Resistir, el gran proyecto de la clase media
Guillermo Oliveto
La sociedad argentina está al borde del quiebre emocional. En consecuencia, sus conductas y reacciones se tornan cada vez más difíciles de prever. De tanto castigarla, lograron arrebatarle el imaginario de futuro. “Nos robaron los sueños y los proyectos”, dicen los ciudadanos con pesar. “La Argentina me duele”, afirman, para confirmar la idea de un corpus colectivo llagado e hipersensible. Los jóvenes sostienen: “Somos la generación que no va a tener nada”.
En ese contexto la clase media se aferra a un último gran proyecto: resistir. Y es en esa defensa final de ciertos valores que definen la idiosincrasia de la argentinidad donde quizás se cifre la última esperanza realista sobre un devenir mejor.
La clase media argentina no es solo un lugar en la pirámide social, ciertamente muy sustancioso (45% de las familias), ni un nivel de ingresos, hoy brutalmente devaluados. Tampoco se circunscribe meramente a una tenencia de bienes específicos relevantes como podría ser la casa propia o el auto. Ni siquiera es un set de costumbres y hábitos específicos que, por supuesto, los tiene. O un acervo cultural, tan nítido como estable, que busca preservar defendiéndolo con ferocidad.
La clase media en la Argentina es todo esto y mucho más. Es una gran construcción simbólica, un lugar de llegada y de pertenencia. Una fuente de identidad, una aspiración, un sueño, una ilusión, una razón de ser. Una luz en la oscuridad de todos los túneles por los que ha cruzado esta sociedad golpeada y maltratada hasta el hartazgo. La clase media es, sobre todo, una historia.
Permítanme explicar una historia en qué sentido. El sentido con que la ha descripto la exquisita prosa del maestro italiano Alesandro Baricco en La vía de la narración, texto recientemente editado por cuadernos Anagrama.
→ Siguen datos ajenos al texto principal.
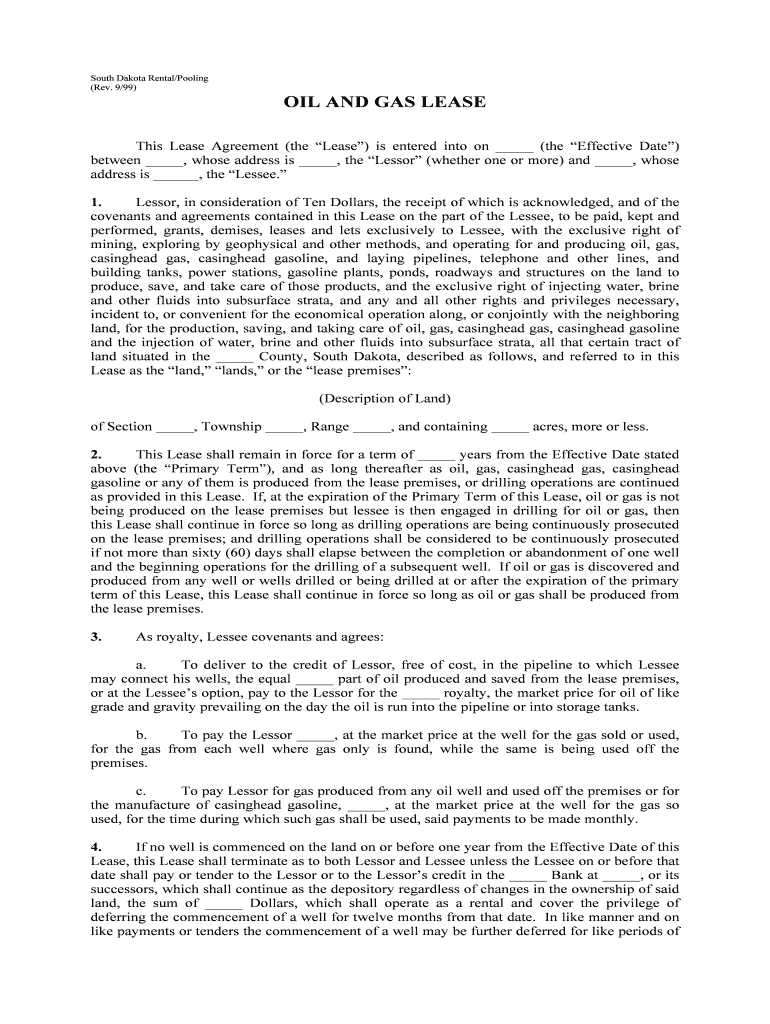 South Dakota RentalPooling  Form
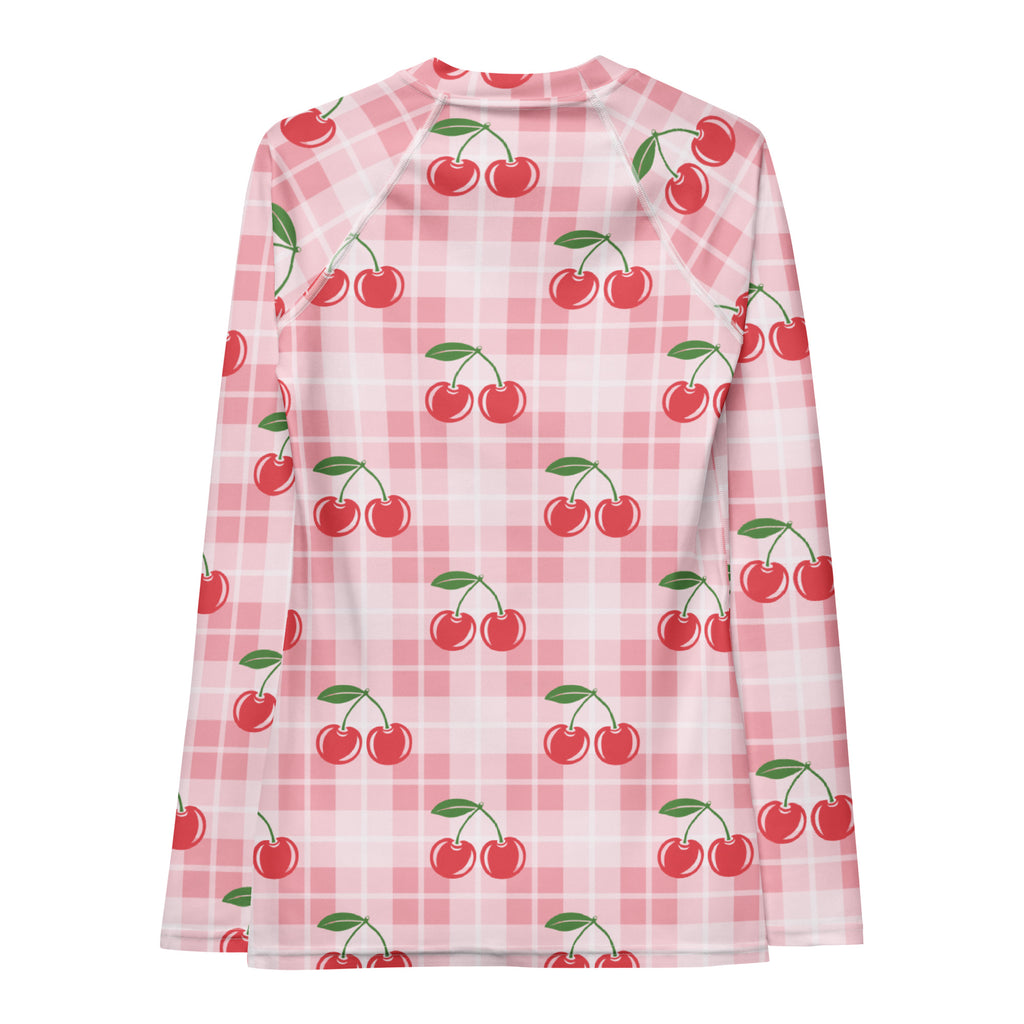 Women's Pink Plaid Cherry Long Sleeve Rash Guard Swim Shirt – Buttery Soft, Sun Safe UPF 50+ Protection, Quick Dry & 4-Way Stretch Comfort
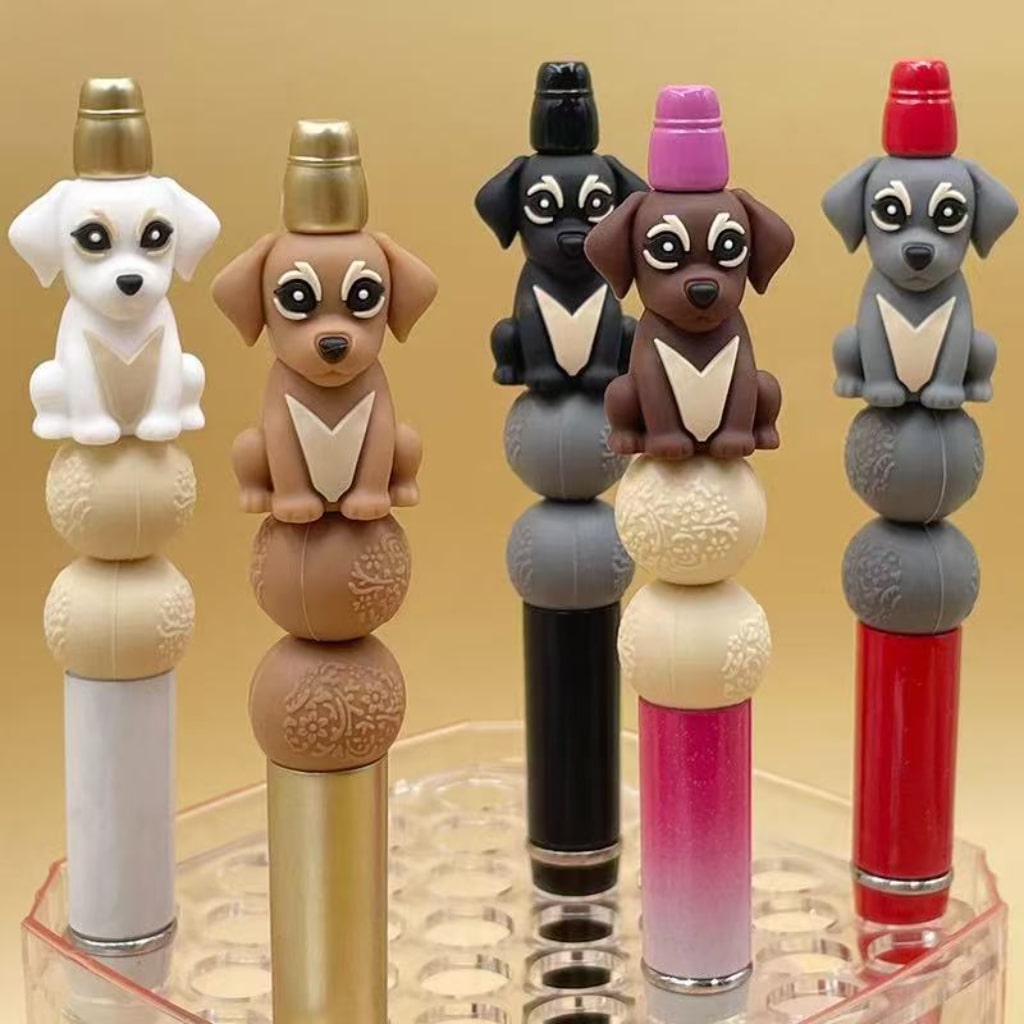 3D Multi-Color Cute Puppies Dogs Silicone Focal Beads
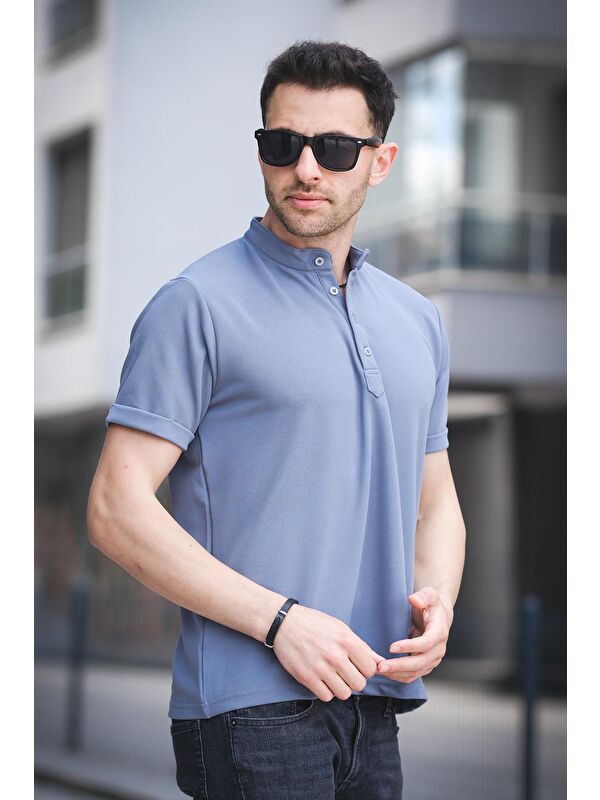 Oksit Cole Slim Fit Esnek Elastanlı Yarım Düğmeli Kısa Kol Hakim Yaka Erkek Tişört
Dice este lúcido y muchas veces contrafáctico pensador, autor de novelas como Seda o ensayos como The Game: “Ocurre a veces que fragmentos concretos de la realidad emergen del ruido blanco del mundo y se ponen a vibrar con una intensidad particular, anómala. A veces es como un agradable aleteo. Otras veces es como una herida que no quiere cerrarse, una pregunta que espera una respuesta. Allí donde se verifica esa vibración, se genera un tipo de intensidad que, cuando perdura en el tiempo, tiende a organizarse y a convertirse en una figura dibujada en el vacío. Se podría decir que, para lograr una determinada permanencia, genera un campo magnético a su alrededor, dotado de su propia geometría. A estos campos magnéticos singulares les damos un nombre particular. Ese nombre es: historias”.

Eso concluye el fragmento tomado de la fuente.